• **WORK TO BE COMPLETED**:
Return the listing in full and exactly, but without a single picture.

• **AVAILABLE DATA**:
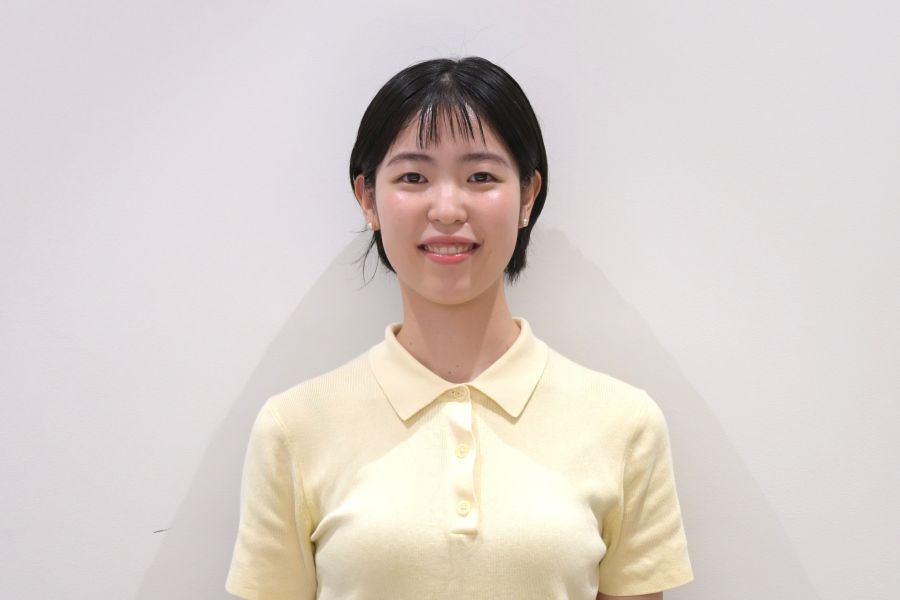 卒業生の明神可奈さん。Web制作に興味を持ちましたが、受講前は「難しそう」と思っていました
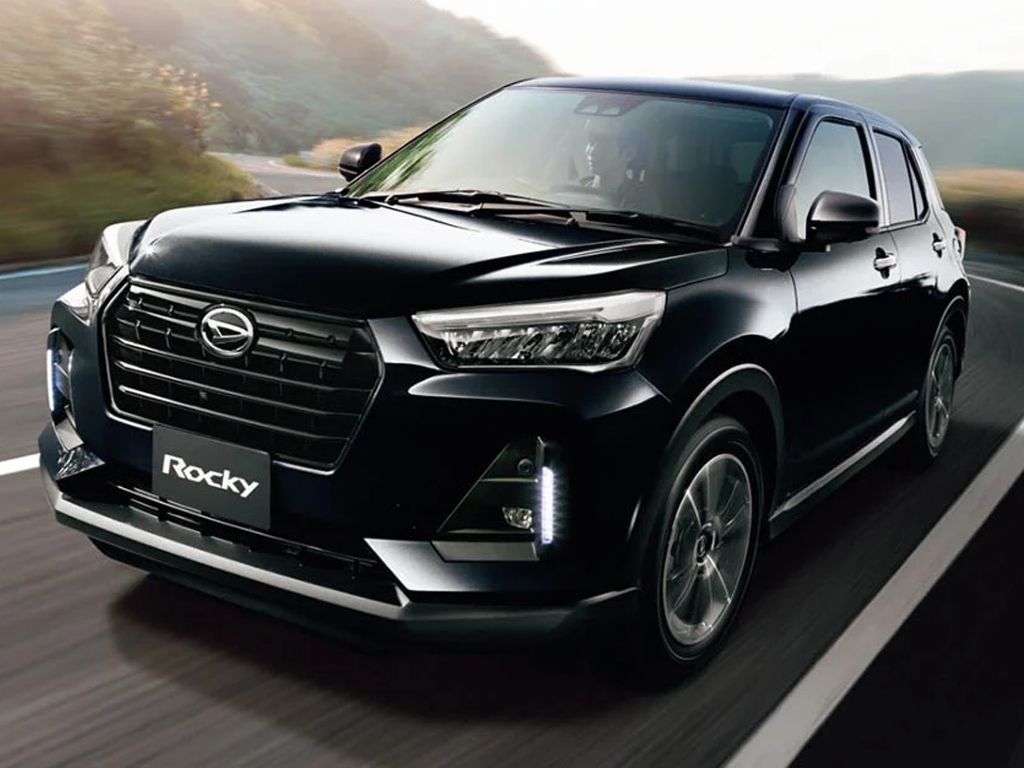 Update Harga Daihatsu Rocky R CVT ADS Terbaru 2025, Mending Mana sama Raize?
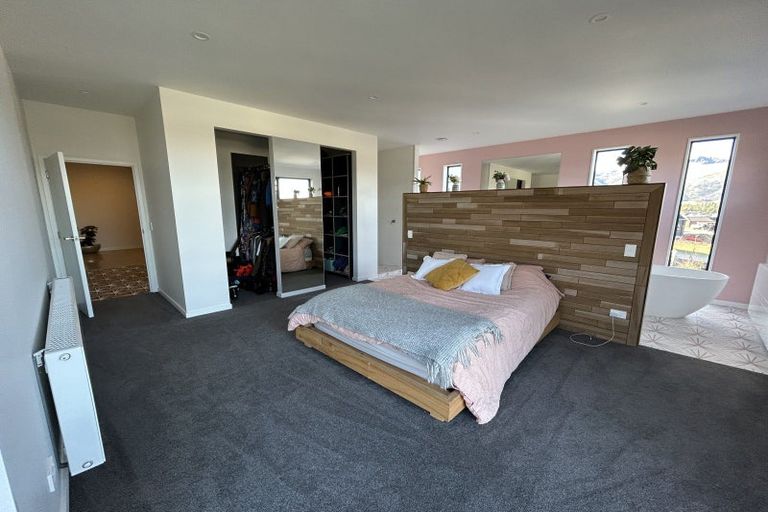 Photo of property in Cemetery Road, Lake Hawea, 9382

• **RESPONSE**:
 卒業生の明神可奈さん。Web制作に興味を持ちましたが、受講前は「難しそう」と思っていました
 Update Harga Daihatsu Rocky R CVT ADS Terbaru 2025, Mending Mana sama Raize?
 Photo of property in Cemetery Road, Lake Hawea, 9382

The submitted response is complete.